Mariya "Masha" Dashkina Maddux is a Ukrainian modern dancer and dance teacher. She is a former principal dancer with the Martha Graham Dance Company and is the founder and director of the Wake Forest Dance Festival.

==Early life and education==
Mariya Dashkina Maddux was born in Kyiv, Ukraine. As a child she studied classical ballet, training in the Vaganova method. She moved to the United States as a young adult and studied under Ruth Weisen at the Thomas Armour Youth Ballet in Miami, Florida. She graduated from New World School of the Arts.

==Career ==
In 2007 Dashkina Maddux joined the Martha Graham Dance Company in New York City and was eventually promoted to the rank of principal dancer. She performed in many lead roles in Graham works including the Bride in Appalachian Spring, Ariadne in Errand into the Maze, Woman in Red in Diversion of Angels, Eve in Embattled Garden, the duet Conversation of Lovers, and danced featured roles in Deaths and Entrances, Leader of Steps in the Street from Chronicle, Leader of the Chorus in Night Journey, Artemis in Phaedra, and the solo Serenata Morisca. Along with Graham works, Dashkina Maddux also performed works by contemporary choreographers including Larry Keigwin, Richard Move, Luca Veggetti, Lar Lubovitch, Bulareyaung Pagarlava, Adonis Foniadakis, Anna Sokolow, Robert Wilson, and Azure Barton. She was featured in a Martha Graham Technique instructional video for beginners that was directed by Miki Orihara and Susan Kikuchi and produced by Dance Spotlight.
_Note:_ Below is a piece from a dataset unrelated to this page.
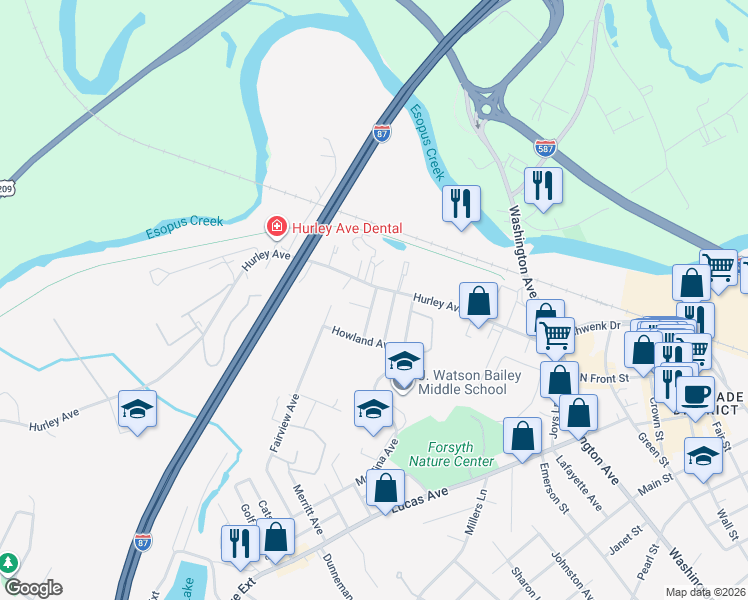 map of restaurants, bars, coffee shops, grocery stores, and more near 8 Snyder Avenue in Kingston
She has been featured in Dance Magazine, Dior Magazine, Broadway Dance Magazine, and was in the film Fall to Rise, directed by Jayce Bartok. She has also modeled for dance photographers and was featured in the books Dessert Flower by Guillermo Licurgo and The Art of Movement by Ken Browar and Deborah Ory.

Dashkina Maddux has taught ballet and modern dance at the Martha Graham Center of Contemporary Dance, the New World School of the Arts, Thomas Armour Youth Ballet, the University of North Carolina at Greensboro, Elon University, and Colburn School of Los Angeles. In 2017 she founded the Wake Forest Dance Festival, a public dance festival presented by ARTS Wake Forest and in partnership with the Wake Forest Department of Parks and Recreations, and serves as its director.

She is an ambassador for Dancing Angels Foundation, a non-profit scholarship foundation for dancer students.

In 2018, she was a recipient of the Alto Jonio Best Dancer Award.